ENTRIES SHOWN below:

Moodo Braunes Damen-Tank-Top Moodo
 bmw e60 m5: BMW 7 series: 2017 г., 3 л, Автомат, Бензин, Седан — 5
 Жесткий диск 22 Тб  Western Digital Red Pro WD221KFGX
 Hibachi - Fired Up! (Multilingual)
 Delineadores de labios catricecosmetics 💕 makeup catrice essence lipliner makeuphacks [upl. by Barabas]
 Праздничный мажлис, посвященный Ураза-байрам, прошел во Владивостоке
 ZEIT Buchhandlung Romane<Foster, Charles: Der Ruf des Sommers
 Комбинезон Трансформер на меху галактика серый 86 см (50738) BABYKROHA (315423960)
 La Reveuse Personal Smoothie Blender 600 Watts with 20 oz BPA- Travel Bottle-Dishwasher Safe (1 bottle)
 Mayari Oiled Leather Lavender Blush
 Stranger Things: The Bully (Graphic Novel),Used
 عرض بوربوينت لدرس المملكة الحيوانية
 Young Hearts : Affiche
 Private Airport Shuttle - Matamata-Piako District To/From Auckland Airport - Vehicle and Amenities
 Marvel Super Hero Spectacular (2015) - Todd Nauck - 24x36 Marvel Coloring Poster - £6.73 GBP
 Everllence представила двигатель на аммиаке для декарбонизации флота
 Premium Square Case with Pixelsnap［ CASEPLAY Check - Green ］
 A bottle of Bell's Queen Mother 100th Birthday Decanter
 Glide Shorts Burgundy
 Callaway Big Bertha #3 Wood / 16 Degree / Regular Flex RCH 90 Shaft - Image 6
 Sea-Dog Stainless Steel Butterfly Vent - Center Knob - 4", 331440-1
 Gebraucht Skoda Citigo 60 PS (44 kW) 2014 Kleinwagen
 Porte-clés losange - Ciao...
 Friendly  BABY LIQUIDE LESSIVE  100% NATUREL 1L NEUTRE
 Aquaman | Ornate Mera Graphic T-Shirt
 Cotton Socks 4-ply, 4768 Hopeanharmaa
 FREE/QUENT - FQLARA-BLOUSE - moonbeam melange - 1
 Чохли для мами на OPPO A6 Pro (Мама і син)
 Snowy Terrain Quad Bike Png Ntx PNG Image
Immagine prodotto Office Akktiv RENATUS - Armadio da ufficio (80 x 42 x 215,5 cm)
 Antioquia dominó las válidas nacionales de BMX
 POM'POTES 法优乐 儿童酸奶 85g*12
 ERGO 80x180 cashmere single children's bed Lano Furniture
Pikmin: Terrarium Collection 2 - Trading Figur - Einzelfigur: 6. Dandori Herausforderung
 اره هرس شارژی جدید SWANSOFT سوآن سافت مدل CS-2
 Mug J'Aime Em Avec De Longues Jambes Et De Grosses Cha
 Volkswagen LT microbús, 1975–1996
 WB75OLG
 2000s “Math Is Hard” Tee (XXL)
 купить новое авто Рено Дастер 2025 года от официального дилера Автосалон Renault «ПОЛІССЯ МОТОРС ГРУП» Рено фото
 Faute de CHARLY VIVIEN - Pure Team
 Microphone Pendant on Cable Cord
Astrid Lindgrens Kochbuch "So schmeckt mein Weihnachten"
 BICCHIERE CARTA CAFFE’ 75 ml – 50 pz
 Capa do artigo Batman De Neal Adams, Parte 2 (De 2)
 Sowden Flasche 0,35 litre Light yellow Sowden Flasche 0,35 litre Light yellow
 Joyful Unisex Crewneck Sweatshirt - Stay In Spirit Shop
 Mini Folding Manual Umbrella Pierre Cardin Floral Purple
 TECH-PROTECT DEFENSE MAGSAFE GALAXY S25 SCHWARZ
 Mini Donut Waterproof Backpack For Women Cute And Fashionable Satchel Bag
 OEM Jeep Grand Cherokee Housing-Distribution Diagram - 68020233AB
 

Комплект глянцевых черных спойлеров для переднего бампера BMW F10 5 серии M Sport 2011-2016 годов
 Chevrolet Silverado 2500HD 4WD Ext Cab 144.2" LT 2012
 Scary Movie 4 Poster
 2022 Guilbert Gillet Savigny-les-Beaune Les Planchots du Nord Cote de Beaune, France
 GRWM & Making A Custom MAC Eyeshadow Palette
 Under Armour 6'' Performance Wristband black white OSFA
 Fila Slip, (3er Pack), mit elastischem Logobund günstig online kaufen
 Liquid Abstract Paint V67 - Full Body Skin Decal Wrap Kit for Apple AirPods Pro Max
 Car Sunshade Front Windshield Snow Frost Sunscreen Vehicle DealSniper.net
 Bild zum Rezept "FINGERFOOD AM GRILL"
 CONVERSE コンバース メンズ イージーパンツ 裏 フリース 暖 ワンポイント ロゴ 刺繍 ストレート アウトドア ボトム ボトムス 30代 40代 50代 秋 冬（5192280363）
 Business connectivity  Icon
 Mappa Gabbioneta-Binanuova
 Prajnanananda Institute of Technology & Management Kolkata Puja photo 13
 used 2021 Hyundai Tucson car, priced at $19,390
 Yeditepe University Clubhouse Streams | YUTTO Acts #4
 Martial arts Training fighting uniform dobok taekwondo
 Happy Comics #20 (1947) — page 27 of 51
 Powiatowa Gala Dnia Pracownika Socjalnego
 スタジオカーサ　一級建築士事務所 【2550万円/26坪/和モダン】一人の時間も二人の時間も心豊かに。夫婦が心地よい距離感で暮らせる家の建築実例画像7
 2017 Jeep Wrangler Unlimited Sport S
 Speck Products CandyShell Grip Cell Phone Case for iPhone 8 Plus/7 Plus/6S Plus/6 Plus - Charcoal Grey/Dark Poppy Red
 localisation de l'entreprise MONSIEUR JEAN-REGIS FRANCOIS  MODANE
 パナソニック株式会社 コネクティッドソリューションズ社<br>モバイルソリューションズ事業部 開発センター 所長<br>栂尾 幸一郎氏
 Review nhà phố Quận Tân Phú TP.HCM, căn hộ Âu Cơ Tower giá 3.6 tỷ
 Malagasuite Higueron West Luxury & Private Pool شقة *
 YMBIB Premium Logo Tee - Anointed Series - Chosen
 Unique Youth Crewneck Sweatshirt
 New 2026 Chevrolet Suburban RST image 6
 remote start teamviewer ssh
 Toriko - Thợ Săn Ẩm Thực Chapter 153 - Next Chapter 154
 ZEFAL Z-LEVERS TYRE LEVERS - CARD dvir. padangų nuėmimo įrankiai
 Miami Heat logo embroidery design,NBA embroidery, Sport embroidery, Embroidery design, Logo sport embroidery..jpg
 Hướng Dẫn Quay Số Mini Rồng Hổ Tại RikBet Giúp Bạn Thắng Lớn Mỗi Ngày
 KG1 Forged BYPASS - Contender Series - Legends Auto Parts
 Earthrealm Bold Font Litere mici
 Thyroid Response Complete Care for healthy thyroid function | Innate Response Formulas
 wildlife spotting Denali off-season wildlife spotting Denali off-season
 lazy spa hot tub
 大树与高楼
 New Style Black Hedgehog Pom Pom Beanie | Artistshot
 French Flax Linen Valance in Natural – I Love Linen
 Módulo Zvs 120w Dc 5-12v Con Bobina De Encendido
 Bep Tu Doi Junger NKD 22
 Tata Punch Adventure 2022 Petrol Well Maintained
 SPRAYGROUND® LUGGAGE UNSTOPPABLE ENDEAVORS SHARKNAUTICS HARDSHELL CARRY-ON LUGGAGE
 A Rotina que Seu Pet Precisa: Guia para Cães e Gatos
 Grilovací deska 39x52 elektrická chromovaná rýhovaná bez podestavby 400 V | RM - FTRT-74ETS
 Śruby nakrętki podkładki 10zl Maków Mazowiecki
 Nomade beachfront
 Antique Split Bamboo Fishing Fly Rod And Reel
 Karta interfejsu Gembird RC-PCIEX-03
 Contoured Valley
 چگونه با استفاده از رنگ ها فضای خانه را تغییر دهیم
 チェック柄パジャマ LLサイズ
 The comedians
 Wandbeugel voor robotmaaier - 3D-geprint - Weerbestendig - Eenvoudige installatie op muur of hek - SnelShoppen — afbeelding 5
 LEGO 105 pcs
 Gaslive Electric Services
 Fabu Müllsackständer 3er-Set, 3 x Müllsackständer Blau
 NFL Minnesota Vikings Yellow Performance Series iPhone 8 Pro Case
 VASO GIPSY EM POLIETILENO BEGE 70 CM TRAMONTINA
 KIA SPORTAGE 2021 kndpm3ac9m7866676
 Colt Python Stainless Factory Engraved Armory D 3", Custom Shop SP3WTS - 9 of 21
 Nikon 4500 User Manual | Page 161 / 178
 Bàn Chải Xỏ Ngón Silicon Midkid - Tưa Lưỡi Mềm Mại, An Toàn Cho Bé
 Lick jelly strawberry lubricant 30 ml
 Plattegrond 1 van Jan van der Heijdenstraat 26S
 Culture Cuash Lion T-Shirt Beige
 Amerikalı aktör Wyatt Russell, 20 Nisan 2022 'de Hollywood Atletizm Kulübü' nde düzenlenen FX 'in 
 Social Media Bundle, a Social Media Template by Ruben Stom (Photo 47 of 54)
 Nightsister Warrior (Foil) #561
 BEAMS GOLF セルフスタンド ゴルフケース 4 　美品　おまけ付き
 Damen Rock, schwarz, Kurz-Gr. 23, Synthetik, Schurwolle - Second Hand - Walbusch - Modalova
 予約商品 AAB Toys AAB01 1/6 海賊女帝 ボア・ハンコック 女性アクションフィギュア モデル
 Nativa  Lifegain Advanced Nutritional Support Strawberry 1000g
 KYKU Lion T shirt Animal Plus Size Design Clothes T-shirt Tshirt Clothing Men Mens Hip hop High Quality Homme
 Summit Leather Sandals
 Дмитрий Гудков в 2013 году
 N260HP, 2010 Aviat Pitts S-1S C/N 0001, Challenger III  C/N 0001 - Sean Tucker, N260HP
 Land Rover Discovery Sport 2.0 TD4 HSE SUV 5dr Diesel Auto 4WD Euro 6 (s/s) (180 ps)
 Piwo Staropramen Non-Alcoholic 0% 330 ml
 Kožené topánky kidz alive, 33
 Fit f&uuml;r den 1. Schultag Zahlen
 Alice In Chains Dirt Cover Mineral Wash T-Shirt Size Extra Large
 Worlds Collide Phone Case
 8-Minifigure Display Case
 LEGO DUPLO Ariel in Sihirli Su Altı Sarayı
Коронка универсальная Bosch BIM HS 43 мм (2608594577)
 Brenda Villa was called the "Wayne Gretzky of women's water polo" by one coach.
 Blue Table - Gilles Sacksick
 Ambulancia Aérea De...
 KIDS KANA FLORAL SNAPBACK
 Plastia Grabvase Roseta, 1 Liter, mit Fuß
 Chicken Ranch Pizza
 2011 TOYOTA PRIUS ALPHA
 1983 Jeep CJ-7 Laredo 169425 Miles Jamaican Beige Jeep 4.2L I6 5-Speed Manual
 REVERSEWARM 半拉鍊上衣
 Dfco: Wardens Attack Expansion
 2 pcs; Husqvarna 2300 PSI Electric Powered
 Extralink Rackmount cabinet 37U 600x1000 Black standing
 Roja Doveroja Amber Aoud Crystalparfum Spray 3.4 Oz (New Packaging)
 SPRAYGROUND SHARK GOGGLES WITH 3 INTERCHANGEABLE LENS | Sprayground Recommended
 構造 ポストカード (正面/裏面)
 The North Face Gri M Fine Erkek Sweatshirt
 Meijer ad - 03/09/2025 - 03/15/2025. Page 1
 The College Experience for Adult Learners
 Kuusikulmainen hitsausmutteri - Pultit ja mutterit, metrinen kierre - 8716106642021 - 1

End of ENTRIES SHOWN.

▶ [WHAT IS EXPECTED]
Every line above from the line with "Karta interfejsu Gembird RC-PCIEX-03" to the line with "LEGO 105 pcs" is wanted, ends included; write them out exactly and add no other line.

▶ [ANSWER FOR THE TASK]
 Karta interfejsu Gembird RC-PCIEX-03
 Contoured Valley
 چگونه با استفاده از رنگ ها فضای خانه را تغییر دهیم
 チェック柄パジャマ LLサイズ
 The comedians
 Wandbeugel voor robotmaaier - 3D-geprint - Weerbestendig - Eenvoudige installatie op muur of hek - SnelShoppen — afbeelding 5
 LEGO 105 pcs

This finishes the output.